Análise do Acórdão do Tribunal Central Administrativo Sul, processo n.º 2964/16.3BELSB, de 01-06-2017
Análise do Acórdão do Tribunal Central
Administrativo Sul, processo n.º 2964/16.3BELSB, de 01-06-2017
Adriana Filipa Carneiro Morais |
Número de aluno 61114 | 2.º ano Turma B | Subturma 12
No presente acórdão, R
intentou no TAC (Tribunal Administrativo de Círculo) de Lisboa um processo de
intimação para prestação de informações, consulta de processos ou passagem de
certidões (ao abrigo do art. 104.º do CPTA) contra uma Fundação, pedindo a intimação
da entidade requerida para, no prazo de 10 dias, facultar-lhes a consulta de
toda a documentação integrante do processo de concurso aberto em março de 2016
para atribuição de bolsas para aperfeiçoamento artístico em música,
nomeadamente as atas do júri e formulários de candidatura dos demais candidatos.

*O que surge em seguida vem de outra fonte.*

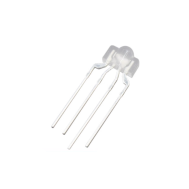 LED RGB difuso 3 mm, 4 pinos, perna 18 mm, CC
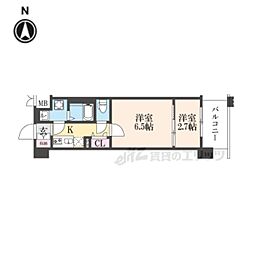 ソルテラスKYOTO西大路　瑠 6階2Kの間取り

Ora, segundo a sentença de 20 de fevereiro de 2017 do TAC de Lisboa, foi
provida a pretensão deduzida pelo requerente R, sendo intimada a entidade
requerida (Fundação) para, dentro de 10 dias, conceder ao requerente R “a cópia
da documentação peticionada, bem como facultar o acesso ao processo para
consulta”. Porém, a requerida Fundação, não resignada, recorreu para o TCA Sul
dessa sentença, chegando a várias conclusões. Contudo, antes de seguir para as
conclusões da requerida no recurso que interpôs, é necessário esclarecer alguns
conceitos, sendo que este acórdão trata da matéria sobre a administração
estadual indireta e as pessoas coletivas de utilidade pública.
O
Estado pode ter uma Administração Direta e uma Administração Indireta. Na
Administração Direta, os fins do Estado prosseguem-se de forma direta (pelo
Estado) e de forma imediata (sob a direção do Governo, sem autonomia). No
entanto, também há serviços que desempenham as suas funções com autonomia pois,
apesar de serem serviços do Estado, têm os seus próprios órgãos de gestão e não
dependem do Governo (Freitas do Amaral, 2015, pp.297 e 298). Para além disso,
há ainda outros serviços que passam a ter personalidade jurídica própria: os
seus fins são os do Estado, mas são prosseguidos por pessoas coletivas que não
o Estado. Ora, estes casos fazem parte da Administração Indireta do Estado que,
do ponto de vista objetivo/material, pode ser definida como “uma atividade
administrativa do Estado, realizada, para a prossecução dos fins deste, por
entidades públicas dotadas de personalidade jurídica própria e de autonomia
administrativa ou administrativas e financeiras”. Em relação à visão
subjetiva/orgânica, é o “conjunto das entidades públicas que desenvolvem, com
personalidade jurídica própria e autonomia administrativa, ou administrativa e
financeira, uma atividade administrativa destinada à realização de fins do
Estado” (Freitas do Amaral, 2015, p. 299).
A
Fundação alegou que o tribunal a quo
partiu de um pressuposto errado que contraria toda a doutrina e jurisprudência,
uma vez que, segundo a sentença recorrida, a Fundação é uma pessoa coletiva de
direito privado “integrada na administração indireta do Estado e, como tal, a
relação jurídica em causa (…) seria uma relação jurídica administrativa”. É
referido ainda pela Fundação que a mesma é uma pessoa coletiva de direito
privado e de utilidade pública, não integrando a Administração Indireta do
Estado, não estando incluída no conceito orgânico de Administração Publica,
referido no art. 2.º, n.º4 do CPA.
A
Fundação apoia ainda a sua argumentação no parecer do Prof. Doutor Vieira de Andrade,
uma vez que, como refere o Prof. Doutor Vieira de Andrade, “as pessoas
coletivas de utilidade pública (…) não integram atualmente a Administração Pública,
direta ou indireta”, sendo que “as fundações privadas, como a Fundação, não integram
a administração indireta do Estado”. Assim sendo, está-se perante uma relação
jurídica entre dois sujeitos de direito privado. Ainda no parecer, o Prof.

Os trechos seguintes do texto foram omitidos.